- **Instructions for the task**
Your reply should reproduce each line below exactly and carry none of the pictures.

- **Recorded data**
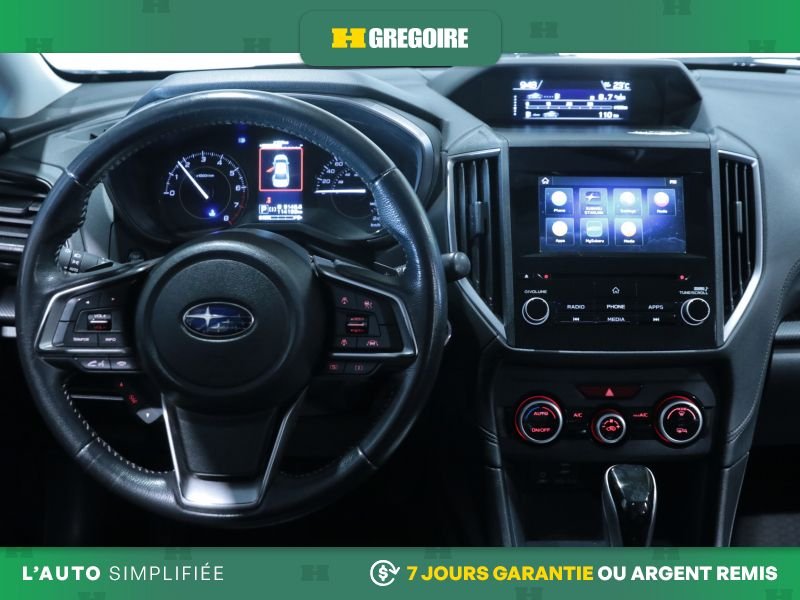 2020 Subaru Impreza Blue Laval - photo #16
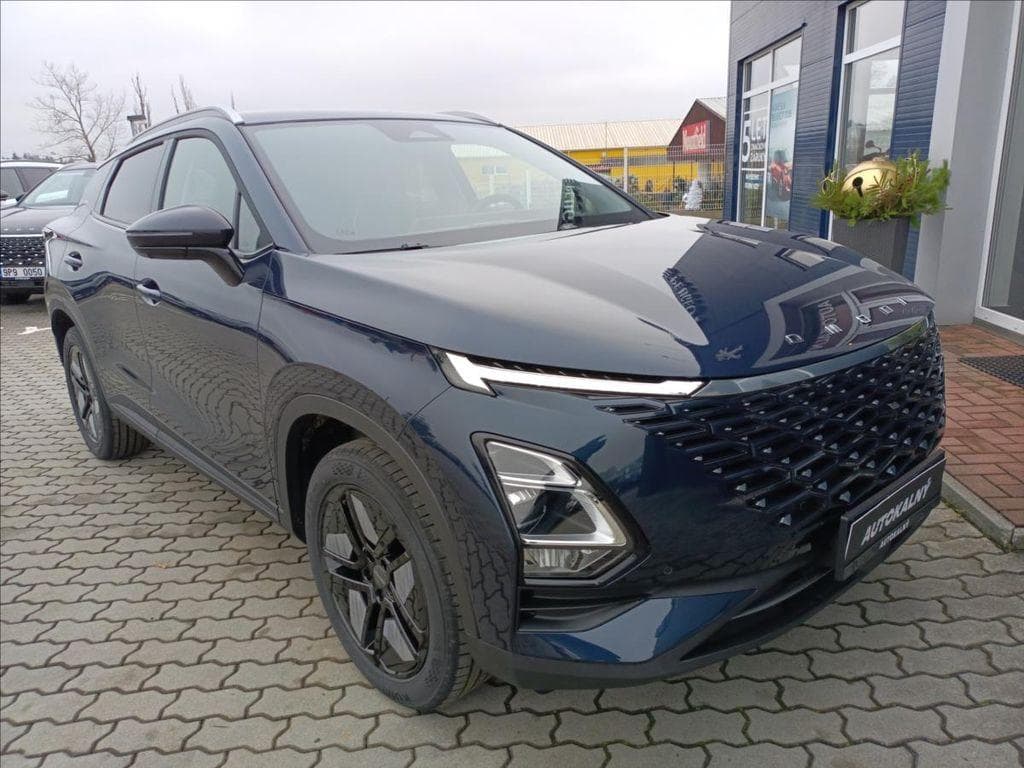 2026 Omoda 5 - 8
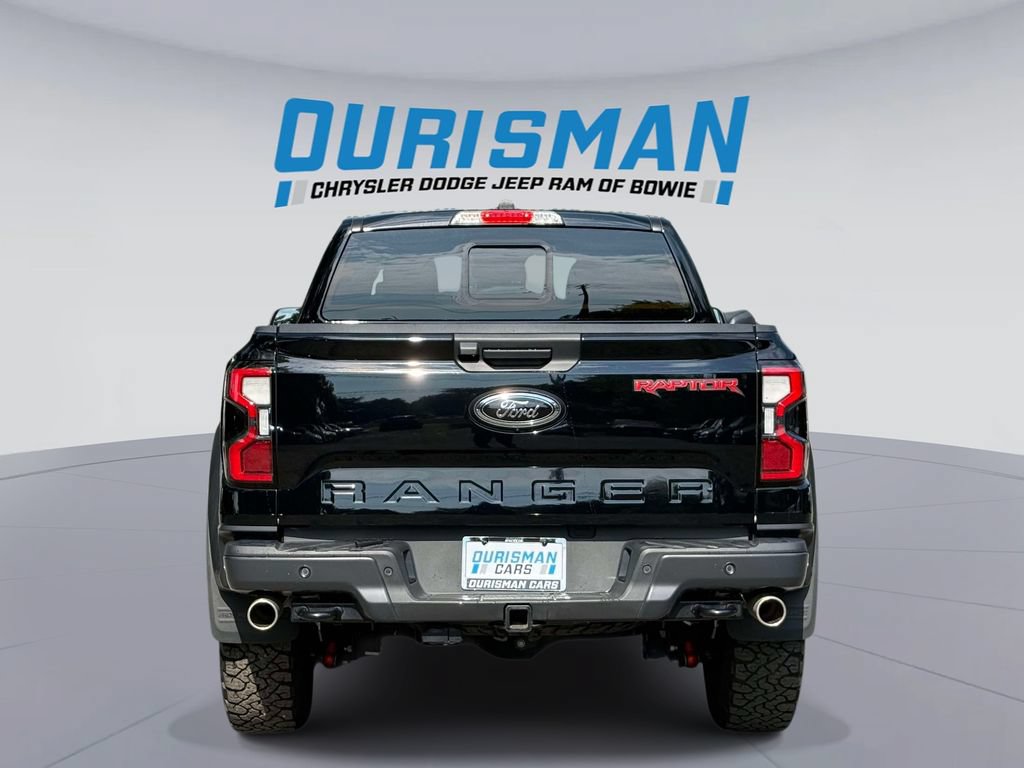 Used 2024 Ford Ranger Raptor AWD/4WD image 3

- **Answer space**
 2020 Subaru Impreza Blue Laval - photo #16
 2026 Omoda 5 - 8
 Used 2024 Ford Ranger Raptor AWD/4WD image 3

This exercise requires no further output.